The battle for market share

Meanwhile, Deutsche Telekom has regained control. The reduction of net debt in the corporation is progressing as planned, and as an investment-grade company in the capital market, it continues to enjoy the best possible financing conditions even after the interest rate turnaround. This also provides necessary support to the joint venture Glasfaser Plus, established by Deutsche Telekom in collaboration with the IFM Global Infrastructure Fund. Furthermore, Deutsche Telekom Deutschland is increasingly entering the competition for market share by either overbuilding infrastructure from competitors or simply announcing such plans. The latter alone is often enough to disrupt the return-on-investment calculations of alternative providers.

High Debt Leverage

However, their calculations are not only collapsing more frequently due to the pressure from Deutsche Telekom. Instead, many fiber optic companies are caught off guard by the interest rate turnaround. Germany's less-than-commendable position in the OECD ranking of digital infrastructure, considering its economic strength, has attracted numerous prospectors in recent years. Major private equity players like Allianz Capital or 3i followed pioneers like KKR and EQT in engaging in the German market, either by investing in regional providers or establishing their own entities such as "Unsere Grüne Glasfaser." Financial investors viewed this resilient, so-called passive infrastructure as an ideal asset for high debt leverage, especially during an era of central bank zero-interest policies when even non-investment-grade borrowers could raise capital at relatively low interest rates. The common practice of private equity found industry-wide imitation, but the viability of many business models wavered significantly as financing costs increased, and a cost surge due to inflation, particularly soaring construction costs, eroded cash flows. Currently, the Tele Columbus Group is struggling for survival. Its capital structure with an adjusted debt ratio of 8 times operating income is no longer sustainable.

Recognizable Downside

In addition, the significantly increased capital market interest rates for infrastructure investments have a downside. Institutional investors, who, over the past decade, had successfully raised funds for the new asset class of fiber optics through specialized funds, as it promised relatively solid returns, now have alternatives. Traditional government bonds, in particular, attract with a significantly more attractive risk-return profile.
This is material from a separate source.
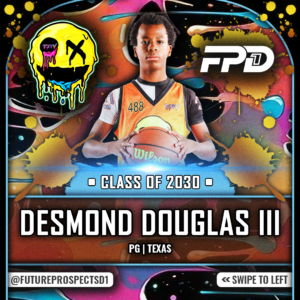 Desmond Douglas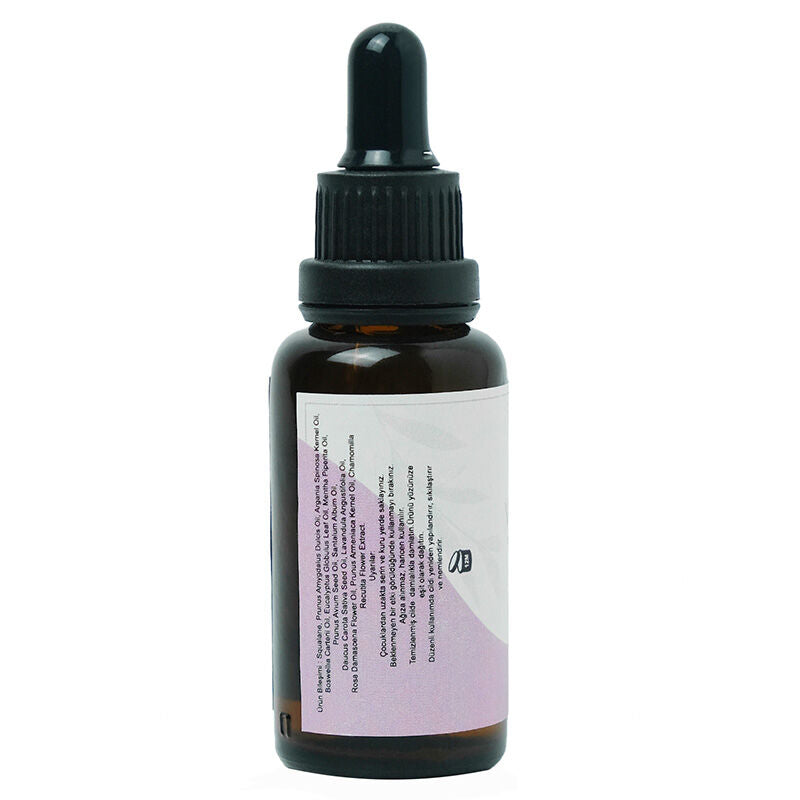 Vinacocha Face Yoga Oil with Squalane & Argan 30 ml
In the case of fiber optics, risks are increasingly dominating, not only due to the dispute with Deutsche Telekom. Inflation is also impacting customers. Faced with rising costs of living, customers critically assess the subscription of fiber optic connections. The marketing of the connections is only successful at prices that do not refinance the construction costs. Additionally, there is a growing gap between the expansion of households with fiber optics and the actual booking of these connections. Industry associations are advocating for "improved conditions" and calling for the removal of bureaucratic expansion brakes. However, they are unlikely to succeed against the changed dynamics in the capital market.